Newcastle Council has stunned the heavy industry on which the city was founded by announcing it will divest from fossil fuels.
Newcastle City Council on Tuesday voted 6-5 to change the way $270 million of ratepayer funds are invested.
The move will see the money invested in banks involved in "environmentally and socially responsible investments" and avoid those in "harmful activities", such as greenhouse gas pollution.
Currently, about 80 per cent of the $270 million investment portfolio is held in the big four banks, mostly through term deposits.
Federal Labor MP for Hunter Joel Fitzgibbon described the move as ‘‘astounding’’ and ‘‘misguided’’, Newcastle Herald reported.
‘‘Councils have to invest money wisely,’’ he said.
‘‘But it is amazing that a council with the largest coal port in the world would move to do all it can to undermine that industry.’’
Meanwhile, Federal Industry and Science Minister Ian Macfarlane said he was astounded at the council’s decision.
‘‘I’m absolutely bewildered that the Labor Party is not prepared to step up for the coal industry, to step up for tens of thousands of people, many who are loyal to the Labor Party and pay union fees,’’ he said.
‘‘I’m amazed the council would step away from jobs in Newcastle and the Hunter Valley – the major provider of jobs in the Hunter is the coal industry, it is the base economy and contributes directly and indirectly to the region.’’
Labor councillor Declan Clausen, who moved the motion after winning a by election this year, said the policy meant that when the council had two funds offering the same rate interest, conditions and credit rating, it would choose the one with the best environmental record.
"Every time they come up for review, we will be moving money away from [the big four]. All else being equal, we are going to choose the greenest option," the Labor councillor said.
"There have been plenty of times when the big four banks are less competitive than what other institutions can offer."
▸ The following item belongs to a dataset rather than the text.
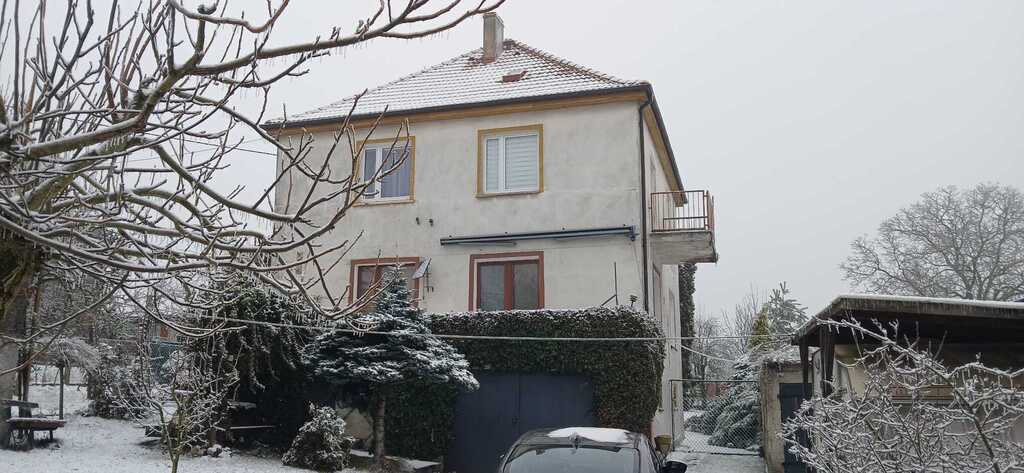 Mieszkanie na sprzedaż Szczecin, Stołczyn 71 m2 | Arka Nieruchomości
A recent NSW Minerals Council survey shows mining's direct spend in the City of Newcastle council was $1.8 billion as at June last year, which includes $160.5 million in salaries (1118 local jobs) and $1.64 billion in direct community and business purchasing.
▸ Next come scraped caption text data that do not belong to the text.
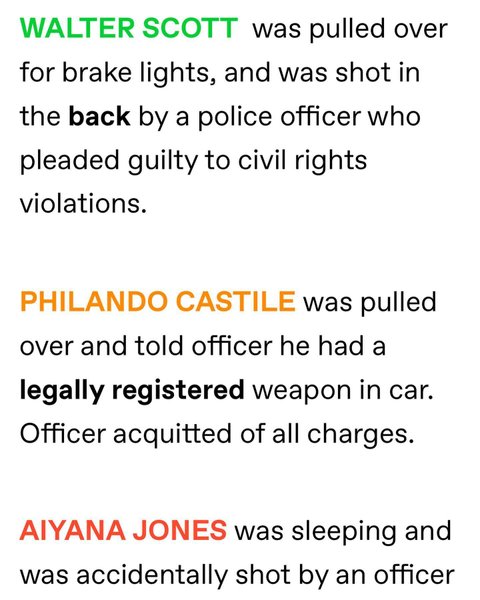 Thumbnail of pbmha-x-86d06d3c7b6f4f33 4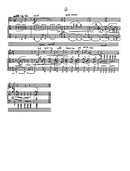 Nine Songs of Experience - Digital (Not Printable)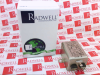 RFI/EFI/EMI Noise Filter - 20912626 - Radwell International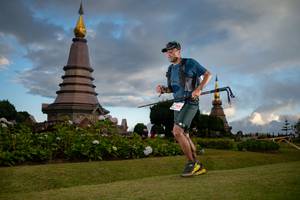 BIB: 
                            <button type="button" onclick="openModal(18907621)" class="btn btn-primary btn-sm float-right btn-popup" data-toggle="modal" data-target=".modal-high-quality">
                        <i class="fas fa-shopping-cart"></i> Add to Cart
                    </button>
                                            <button type="button" onclick="isThisMe(18907621, true)" class="btn btn-success btn-sm float-right btn-popup btn-isme hidden" data-toggle="tooltip" data-placement="bottom" title="นี่คือรูปของคุณใช่ไหม คลิกที่นี่เพื่อเอาเข้าอัลบั้ม">
                        <i class="fas fa-plus"></i> Add to album
                    </button>
                    <button type="button" onclick="isThisMe(18907621, false)" class="btn btn-warning btn-sm float-right btn-popup btn-isnotme hidden">
                        <i class="fas fa-ban"></i> Remove from album
                    </button>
For the wider Hunter region, the mining industry spent $5.9 billion, including $1.5 billion in salaries (11,078 local jobs), and $4.4 billion in business purchases and contributions.
However Clausen denies the policy is sending the wrong message to the region’s coal industry.
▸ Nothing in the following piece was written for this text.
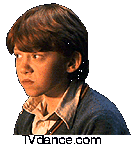 harry potter gif (7)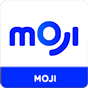 MOJI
‘‘It sends a message that council is keen to diversify the local economy. I believe our coal industry definitely has a future, but there is a bigger future in renewables.’’
Clausen said he hoped to eventually move the entire fund away from banks which invest in fossil fuels.
"Newcastle's economy has changed a fair bit. In the past we have obviously been very reliant on coal, but before that we were very reliant on steelworks," Clausen said.
"There are an increasing group of start-ups in Newcastle that are looking at a clean-tech future, we are embracing those opportunities. The coal downturn has particularly affected the Hunter Valley. Clean techs are going to be a significant employer moving forward. Council is being on the front foot about that."
Anti-coal activists 350.org Australia welcomed the council’s decision to divest from fossil fuels.
The Minerals Council of Australia said the policy has seen the council participate in a “pointless sham” driven by divestment activists.
The Australian divestment movement, pushed by 350.org, has experienced a groundswell of support since its inception 18 months ago, with $400 million worth of loans shifted from the big four banks to financial institutions without fossil fuel investments.
350.org campaign director Charlie Wood said nearly 200 organisations, local governments and individuals representing $50 billion in assets had pledged to divest from fossil fuels.
Various universities have been implicated in the divestment movement, including Sydney University recently.